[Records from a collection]
□ □ □

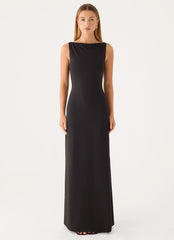 Ravelle Mesh Back Maxi Dress - Black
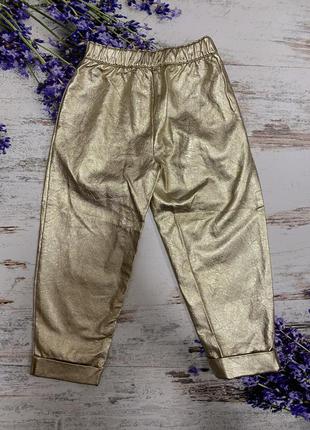 Брюки, штаны золотые, золотистые zara, на 116 см( на 5-6 лет)7 фото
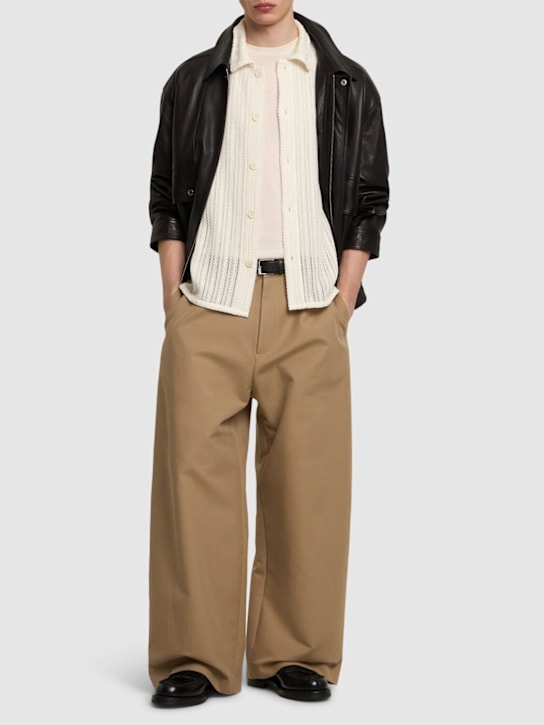 Dunst: Unisex crochet shirt - Ivory Stripe - men_1 | Luisa Via Roma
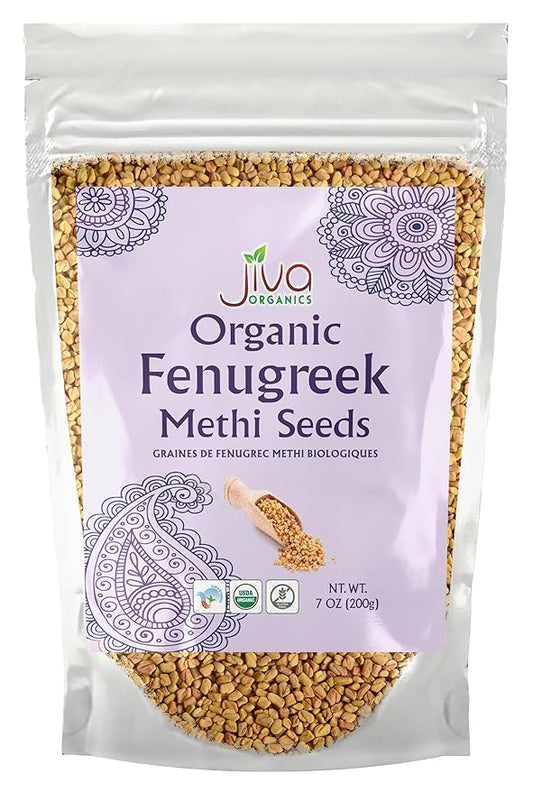 Jiva Organic Fenugreek Seeds 7 Ounce – Non-GMO, Gluten Free, All Natural Fenugreek Spice – Organic Fenugreek Seeds for Hair Growth, Cooking & Sprouting - Methi Seeds for Methi Dana Water - Raw & Natural, Product of India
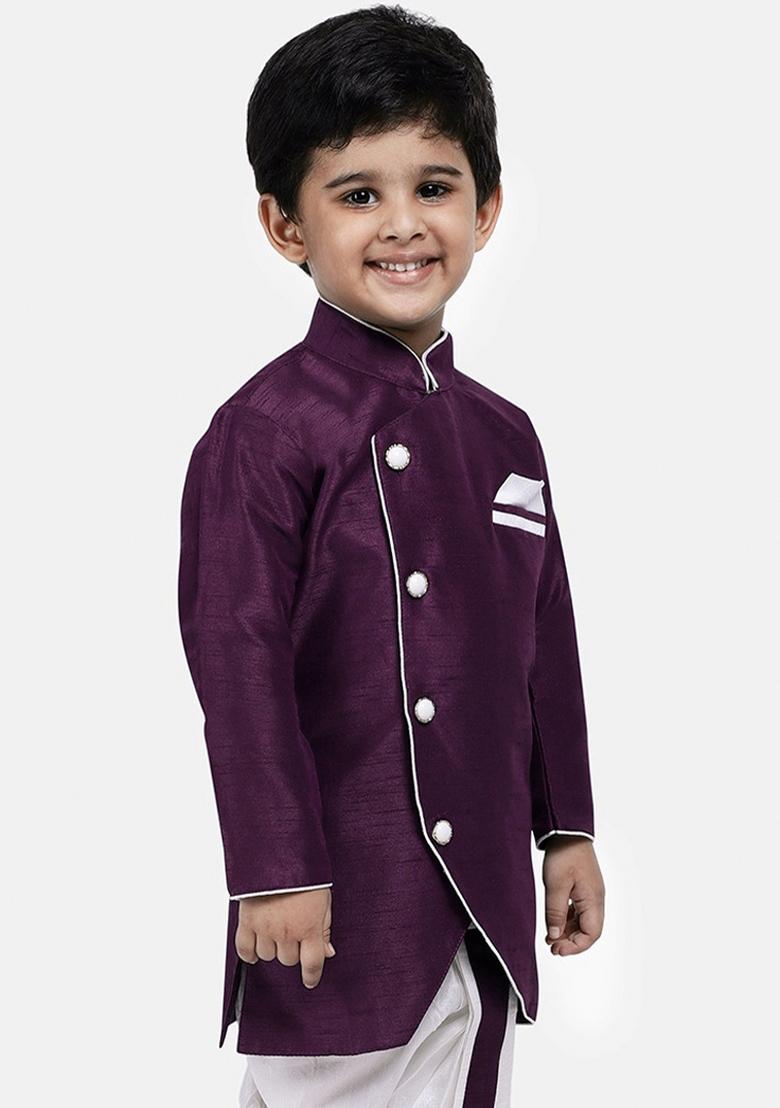 Purple Solid Banarasi Silk Indo Western Sherwani For Boys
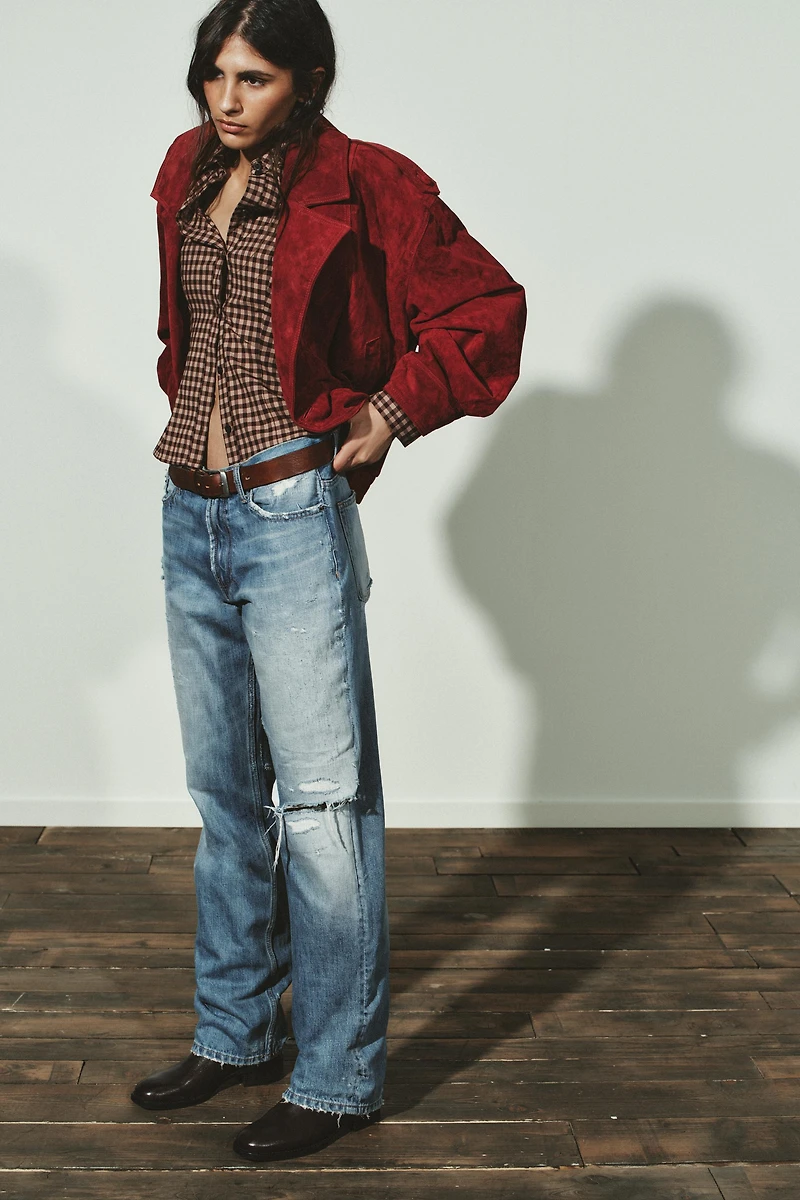 100% SUEDE LEATHER JACKET WITH TABS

□ □ □

» To do
Copy the final stretch of the entries exactly: the line containing "Dunst: Unisex crochet" and every line after it through the last. Include no pictures and nothing more.

» Written solution
 Dunst: Unisex crochet shirt - Ivory Stripe - men_1 | Luisa Via Roma
 Jiva Organic Fenugreek Seeds 7 Ounce – Non-GMO, Gluten Free, All Natural Fenugreek Spice – Organic Fenugreek Seeds for Hair Growth, Cooking & Sprouting - Methi Seeds for Methi Dana Water - Raw & Natural, Product of India
 Purple Solid Banarasi Silk Indo Western Sherwani For Boys
 100% SUEDE LEATHER JACKET WITH TABS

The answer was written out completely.